Acts 27:18-20 is part of an account written by Luke about a sea journey that came to a point where the situation looked hopeless. He wrote, “And we being exceedingly tossed with a tempest, the next day they lightened the ship; And the third day we cast out with our own hands the tackling of the ship. And when neither sun nor stars in many days appeared, and no small tempest lay on us, all hope that we should be saved was then taken away.” It seemed things could not possibly get any worse.
Paul the Apostle had appealed his case to Caesar and was being taken to Rome. After the ship set sail, there were problems—the weather turned against them. The ship floundered in the tempest, and all hope of rescue or of safely making it to land was gone. There was nothing left to do but wait for the end. However, though the men on board that ship were certainly helpless in the face of such a storm, they were not hopeless. You see, God was aware of their situation. With God, we are never hopeless.
A number of accounts in the Word of God illustrate this. In Mark 5, we read of the man who lived among the tombs of Gadera.
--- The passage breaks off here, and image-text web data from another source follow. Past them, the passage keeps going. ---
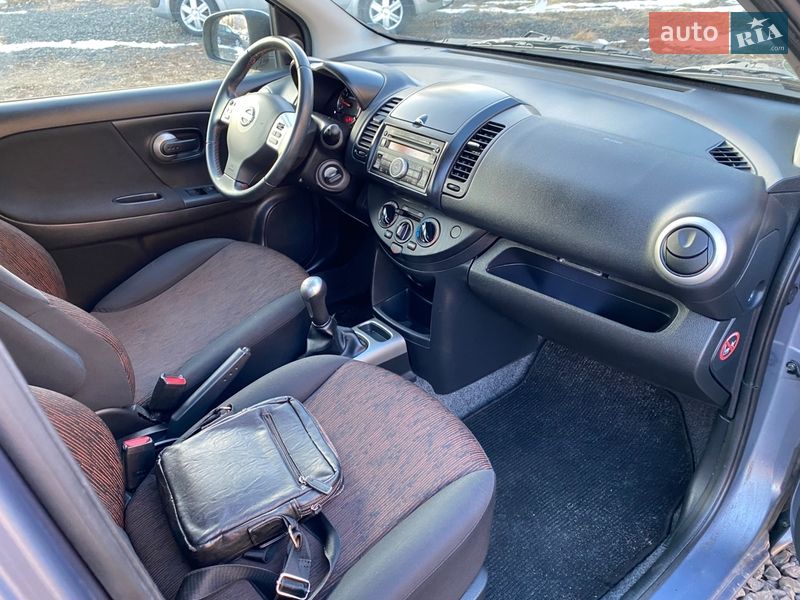 Хэтчбек Nissan Note 2009 в Луцке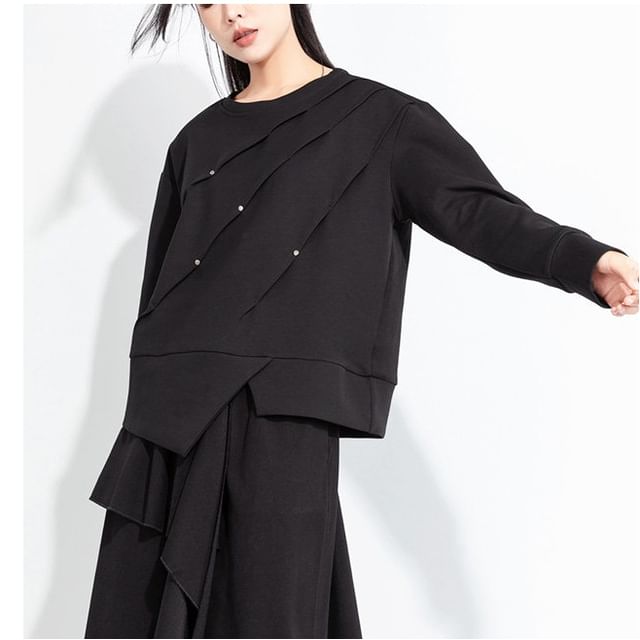 SIMPLE BLACK-Crew Neck Plain Asymmetrical Sweatshirt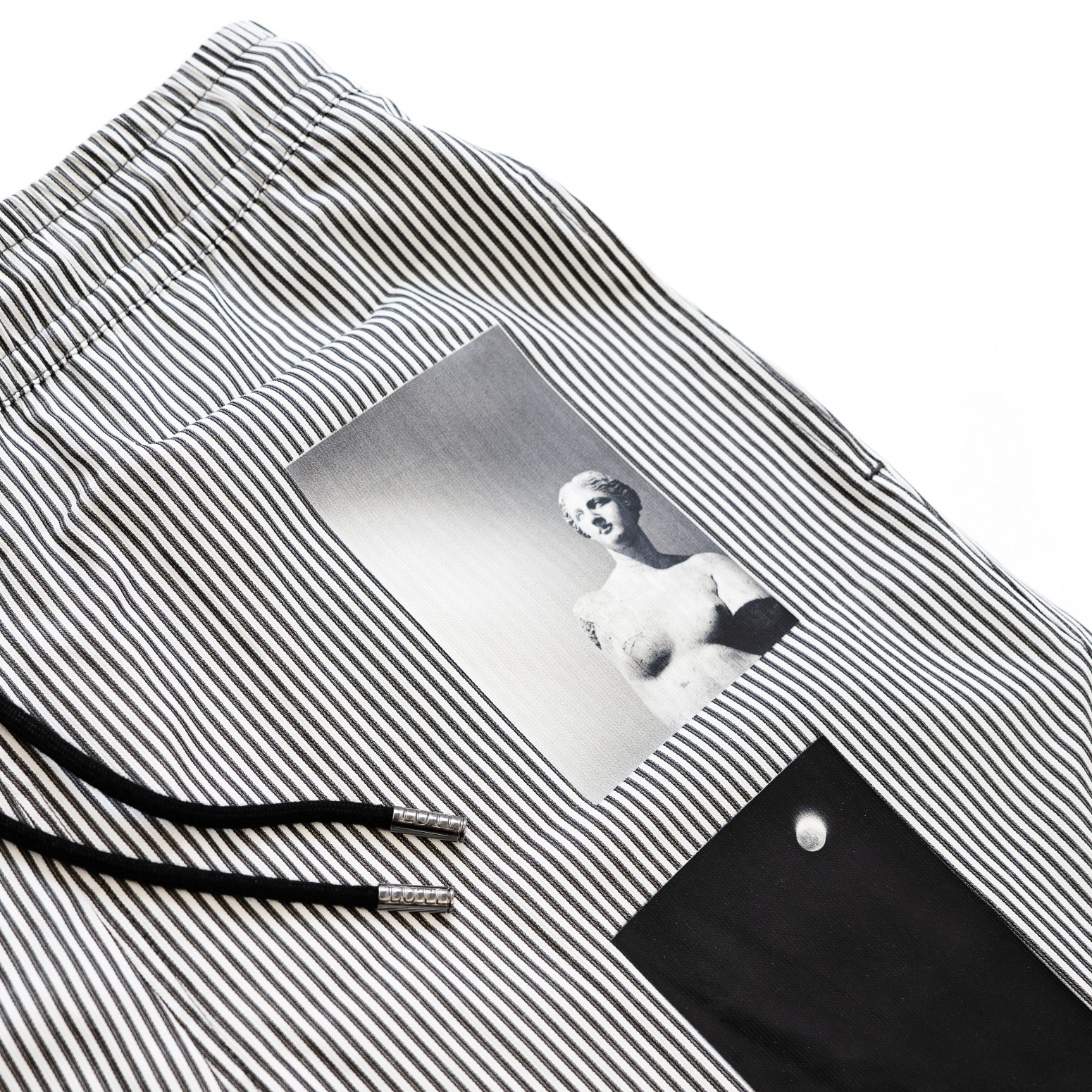 LUTI/롼ƥLUNA PINSTRIPE SHORTS 硼ȥѥ / BLACK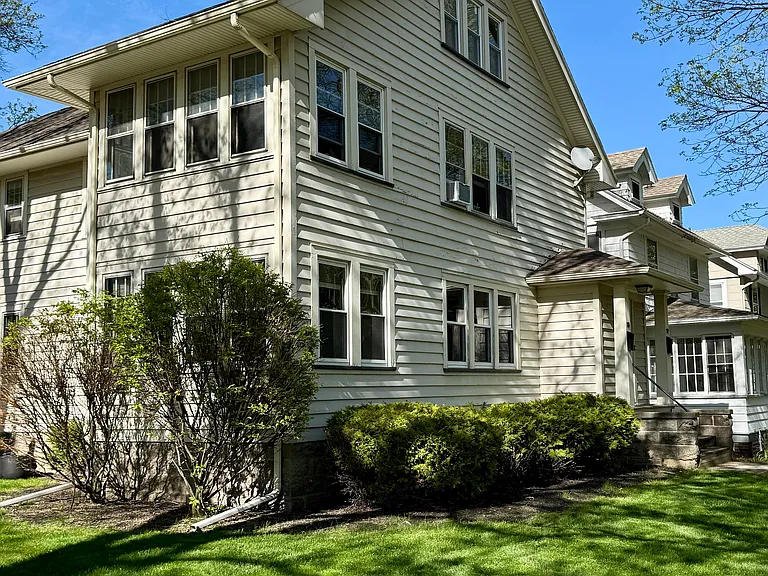 10 Merwin Ave — Photo 2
A demonic spirit possessed him, and that spirit had such power that when the people tried to bind him with chains, he broke the fetters. No doubt it seemed like a hopeless situation to the people in the town of Gadera—but it was not. One day Jesus made His way into the region, and when He came upon this poor, tormented man, He told the evil spirit, “Come out of him.” Just a short time later, the people of Gadera came and found that man clothed and in his right mind, and seated at the feet of Jesus. There are no hopeless situations with God!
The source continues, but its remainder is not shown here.